Connor Sonke is a fourth-year medical student and past-president of NOSM University’s student council.
He said while the most students will only see a change in the school’s name, “it really is going to make them feel more proud.
“I think it’s going to be a really good thing for students,” he said. “I think students are excited about it. We’ve never recognized ourselves as Lakehead or Laurentian students, so going forward, this will just be easier."
The student council worked hard to ensure there are no lapses in any student services during the transition, he said.
The student executive council is composed of 25 students, which means one in 10 students at NOSM is holding an executive position.

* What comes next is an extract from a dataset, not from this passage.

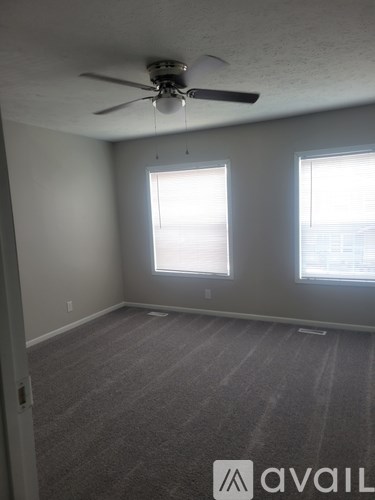 A room with a ceiling fan and two windows.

“We really represent the student body, and this council has stepped up to prepare our incoming class and our current students for the transition.”
Mayor Brian Bigger, who did not attend the event, extended his congratulations on the event through an email.
“On behalf of city council and all residents in Greater Sudbury, I would like to extend congratulations to NOSM University on officially becoming Canada’s first independent medical university,” he said. “Since 2005, the Northern Ontario School of Medicine has played an instrumental role in improving health equity in our region and has made significant contributions in our community through their distinctive and engaged model of medical education.
“NOSM University has always been a school created by Northerners, for Northerners and its values will always mirror who we are, where we live, and the needs of culturally and linguistically diverse communities. The City of Greater Sudbury is proud to support NOSM University, and we look forward to the continued success of the institution, its graduates and faculty for many years to come.”